Not sure how she should describe John, Judith said, “I thought I was, until my pal out there marched off into Fox Tor Mire.”
Big smirk from Mary. “You’re not the first to get that wrong. The marked path is fine, but if you detour up on the tor rocks and short-cut northwest,” she indicated on the map, “then you can easily catch the west edge of the mire.”
“We did. John trashed his phone with its GPS app.”
“They’re good for positioning, but not routes,” said Mary with a sad shake of the head. “Don’t take into account rough ground or bogs.”
“Well, John’s one doesn’t even do that now. He dropped it in half a metre of filthy bog water.”
“Best place for it!”
“Out of interest,” asked Judith, warming to their friendly landlady, “I think John’s tent is broken and his kit waterlogged. Would you have any rooms so we can stay another night?”

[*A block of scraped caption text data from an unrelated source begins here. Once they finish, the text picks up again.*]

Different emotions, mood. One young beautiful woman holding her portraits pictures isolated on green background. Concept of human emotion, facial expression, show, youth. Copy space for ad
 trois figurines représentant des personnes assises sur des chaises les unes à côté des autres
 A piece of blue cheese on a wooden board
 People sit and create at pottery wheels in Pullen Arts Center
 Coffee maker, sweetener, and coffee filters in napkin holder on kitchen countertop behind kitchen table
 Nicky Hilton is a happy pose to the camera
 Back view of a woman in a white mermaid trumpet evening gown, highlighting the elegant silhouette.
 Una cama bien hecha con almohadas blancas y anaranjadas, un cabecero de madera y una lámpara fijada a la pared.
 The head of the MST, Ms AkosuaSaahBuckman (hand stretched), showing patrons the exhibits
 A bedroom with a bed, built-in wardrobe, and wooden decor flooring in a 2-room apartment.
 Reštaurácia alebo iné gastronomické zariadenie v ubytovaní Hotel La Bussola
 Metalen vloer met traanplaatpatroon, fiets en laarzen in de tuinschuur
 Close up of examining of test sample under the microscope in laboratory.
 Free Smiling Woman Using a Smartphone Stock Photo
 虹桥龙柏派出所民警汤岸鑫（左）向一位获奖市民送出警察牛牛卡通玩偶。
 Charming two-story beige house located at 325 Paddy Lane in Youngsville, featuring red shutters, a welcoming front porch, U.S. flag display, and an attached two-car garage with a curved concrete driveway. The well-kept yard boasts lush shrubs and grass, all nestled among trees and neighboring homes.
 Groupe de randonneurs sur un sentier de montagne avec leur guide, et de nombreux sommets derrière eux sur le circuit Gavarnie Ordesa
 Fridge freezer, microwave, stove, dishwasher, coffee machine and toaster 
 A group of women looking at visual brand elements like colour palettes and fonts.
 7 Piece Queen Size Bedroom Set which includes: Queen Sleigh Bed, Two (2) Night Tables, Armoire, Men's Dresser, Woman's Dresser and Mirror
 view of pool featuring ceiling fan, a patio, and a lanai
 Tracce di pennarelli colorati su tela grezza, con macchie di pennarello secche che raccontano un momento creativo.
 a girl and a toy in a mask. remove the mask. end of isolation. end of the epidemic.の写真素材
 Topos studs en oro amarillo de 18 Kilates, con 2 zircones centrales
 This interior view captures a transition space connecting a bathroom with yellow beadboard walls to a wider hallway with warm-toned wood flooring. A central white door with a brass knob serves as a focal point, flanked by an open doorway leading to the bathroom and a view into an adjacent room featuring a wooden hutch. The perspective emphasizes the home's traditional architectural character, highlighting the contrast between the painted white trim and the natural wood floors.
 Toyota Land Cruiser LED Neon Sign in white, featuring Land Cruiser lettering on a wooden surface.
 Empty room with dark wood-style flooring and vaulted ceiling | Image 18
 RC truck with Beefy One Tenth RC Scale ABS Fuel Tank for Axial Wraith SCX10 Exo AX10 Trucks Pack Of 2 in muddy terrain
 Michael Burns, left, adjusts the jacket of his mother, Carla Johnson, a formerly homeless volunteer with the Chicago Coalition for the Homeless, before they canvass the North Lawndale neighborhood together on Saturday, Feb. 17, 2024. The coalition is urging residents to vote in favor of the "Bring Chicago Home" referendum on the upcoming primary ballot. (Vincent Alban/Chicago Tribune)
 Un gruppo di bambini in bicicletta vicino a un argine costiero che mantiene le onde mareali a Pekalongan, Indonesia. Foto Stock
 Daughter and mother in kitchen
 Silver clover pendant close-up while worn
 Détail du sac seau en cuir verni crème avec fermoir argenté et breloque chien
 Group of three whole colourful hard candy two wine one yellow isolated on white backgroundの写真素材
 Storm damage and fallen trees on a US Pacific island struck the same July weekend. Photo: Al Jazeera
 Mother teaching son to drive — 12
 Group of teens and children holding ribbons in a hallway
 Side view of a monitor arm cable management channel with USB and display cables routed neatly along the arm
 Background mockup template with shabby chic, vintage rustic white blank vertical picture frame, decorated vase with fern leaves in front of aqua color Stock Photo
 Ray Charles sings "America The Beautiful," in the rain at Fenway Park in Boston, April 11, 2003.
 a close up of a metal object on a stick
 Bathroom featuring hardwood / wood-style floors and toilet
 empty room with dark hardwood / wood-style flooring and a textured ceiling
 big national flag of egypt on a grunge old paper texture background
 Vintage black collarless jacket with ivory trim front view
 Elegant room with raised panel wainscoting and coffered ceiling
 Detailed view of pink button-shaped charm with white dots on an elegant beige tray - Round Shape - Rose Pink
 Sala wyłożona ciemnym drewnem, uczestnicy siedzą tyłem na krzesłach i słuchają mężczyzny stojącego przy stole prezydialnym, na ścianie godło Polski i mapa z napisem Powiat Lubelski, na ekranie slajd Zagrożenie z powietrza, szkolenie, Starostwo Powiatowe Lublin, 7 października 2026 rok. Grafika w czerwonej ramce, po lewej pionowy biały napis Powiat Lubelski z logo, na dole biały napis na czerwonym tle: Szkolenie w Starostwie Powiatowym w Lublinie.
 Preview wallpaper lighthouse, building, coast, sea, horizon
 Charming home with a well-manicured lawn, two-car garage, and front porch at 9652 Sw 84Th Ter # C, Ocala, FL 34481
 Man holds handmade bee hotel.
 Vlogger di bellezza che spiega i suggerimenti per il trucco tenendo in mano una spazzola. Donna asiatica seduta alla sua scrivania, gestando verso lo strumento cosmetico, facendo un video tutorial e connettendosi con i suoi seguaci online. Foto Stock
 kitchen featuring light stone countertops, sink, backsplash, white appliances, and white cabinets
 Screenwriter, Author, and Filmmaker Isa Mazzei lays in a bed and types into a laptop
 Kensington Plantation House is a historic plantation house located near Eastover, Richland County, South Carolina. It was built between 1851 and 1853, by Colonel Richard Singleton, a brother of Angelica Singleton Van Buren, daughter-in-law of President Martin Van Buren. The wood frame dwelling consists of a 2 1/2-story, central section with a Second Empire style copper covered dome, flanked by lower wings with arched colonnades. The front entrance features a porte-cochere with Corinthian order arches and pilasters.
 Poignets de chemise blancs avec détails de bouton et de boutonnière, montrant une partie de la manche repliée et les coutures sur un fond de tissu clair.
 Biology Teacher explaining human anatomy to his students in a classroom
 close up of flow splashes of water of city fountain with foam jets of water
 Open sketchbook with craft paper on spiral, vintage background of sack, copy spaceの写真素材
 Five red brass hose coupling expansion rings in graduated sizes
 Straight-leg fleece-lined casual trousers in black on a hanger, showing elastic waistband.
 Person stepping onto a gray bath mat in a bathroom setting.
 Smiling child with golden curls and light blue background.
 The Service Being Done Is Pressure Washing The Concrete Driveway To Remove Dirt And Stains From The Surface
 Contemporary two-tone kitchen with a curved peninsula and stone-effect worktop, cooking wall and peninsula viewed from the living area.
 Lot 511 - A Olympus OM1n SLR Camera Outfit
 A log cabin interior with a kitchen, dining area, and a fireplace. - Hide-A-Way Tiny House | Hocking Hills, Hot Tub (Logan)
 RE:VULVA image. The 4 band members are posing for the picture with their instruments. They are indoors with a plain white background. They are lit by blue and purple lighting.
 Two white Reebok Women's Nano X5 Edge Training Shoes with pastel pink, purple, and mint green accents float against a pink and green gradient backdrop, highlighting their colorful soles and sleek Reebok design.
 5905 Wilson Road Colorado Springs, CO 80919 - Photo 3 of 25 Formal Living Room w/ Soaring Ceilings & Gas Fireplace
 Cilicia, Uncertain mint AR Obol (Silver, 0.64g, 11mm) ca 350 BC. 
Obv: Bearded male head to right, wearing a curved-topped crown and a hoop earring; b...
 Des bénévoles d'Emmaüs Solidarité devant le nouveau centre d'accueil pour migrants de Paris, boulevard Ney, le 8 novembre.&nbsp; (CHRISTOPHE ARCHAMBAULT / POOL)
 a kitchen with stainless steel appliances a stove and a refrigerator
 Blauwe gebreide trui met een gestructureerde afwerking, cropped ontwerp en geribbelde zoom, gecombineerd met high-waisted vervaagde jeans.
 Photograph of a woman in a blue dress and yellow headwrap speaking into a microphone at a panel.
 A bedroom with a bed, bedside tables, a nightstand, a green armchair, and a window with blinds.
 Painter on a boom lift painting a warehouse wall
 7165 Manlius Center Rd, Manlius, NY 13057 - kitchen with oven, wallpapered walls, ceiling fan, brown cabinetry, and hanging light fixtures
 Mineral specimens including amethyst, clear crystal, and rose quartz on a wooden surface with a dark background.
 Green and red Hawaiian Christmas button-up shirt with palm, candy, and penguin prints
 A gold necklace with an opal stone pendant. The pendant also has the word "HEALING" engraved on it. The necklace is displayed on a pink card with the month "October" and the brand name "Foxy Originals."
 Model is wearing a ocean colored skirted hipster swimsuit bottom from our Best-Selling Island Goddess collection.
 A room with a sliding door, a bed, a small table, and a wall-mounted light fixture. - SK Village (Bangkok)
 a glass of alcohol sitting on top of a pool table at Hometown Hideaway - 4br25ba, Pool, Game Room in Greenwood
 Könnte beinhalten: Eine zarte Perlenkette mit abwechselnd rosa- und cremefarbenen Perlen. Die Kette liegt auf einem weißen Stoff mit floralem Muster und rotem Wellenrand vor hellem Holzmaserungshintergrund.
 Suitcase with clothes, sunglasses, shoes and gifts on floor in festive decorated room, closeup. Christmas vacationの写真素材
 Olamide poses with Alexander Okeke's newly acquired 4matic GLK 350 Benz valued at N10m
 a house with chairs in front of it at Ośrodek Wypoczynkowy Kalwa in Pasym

“Your one’s free until Friday, so you could have it tonight and tomorrow night. It was a last-minute cancellation.”
“Do you have a second room free?”
“No. We are fully booked, busy season.” She looked confused. “Sorry I thought you were a couple, but now I remember Dave said you asked for separate rooms.”
“We are half and half, I suppose,” Judith explained, slightly embarrassed at how strange it would seem “It was OK for one night. John spent most of the evening sleeping in that antique chair.” She paused. “I thought a few days away together might sort us out, one way or another.”
“Take it from me, single tents and separate beds isn’t going to sort out anything!” laughed the landlady.
“You should try sleeping with him. He—”
“A few years ago, and I might well have. Fine man like that, I don’t think I’d kick him out of bed.”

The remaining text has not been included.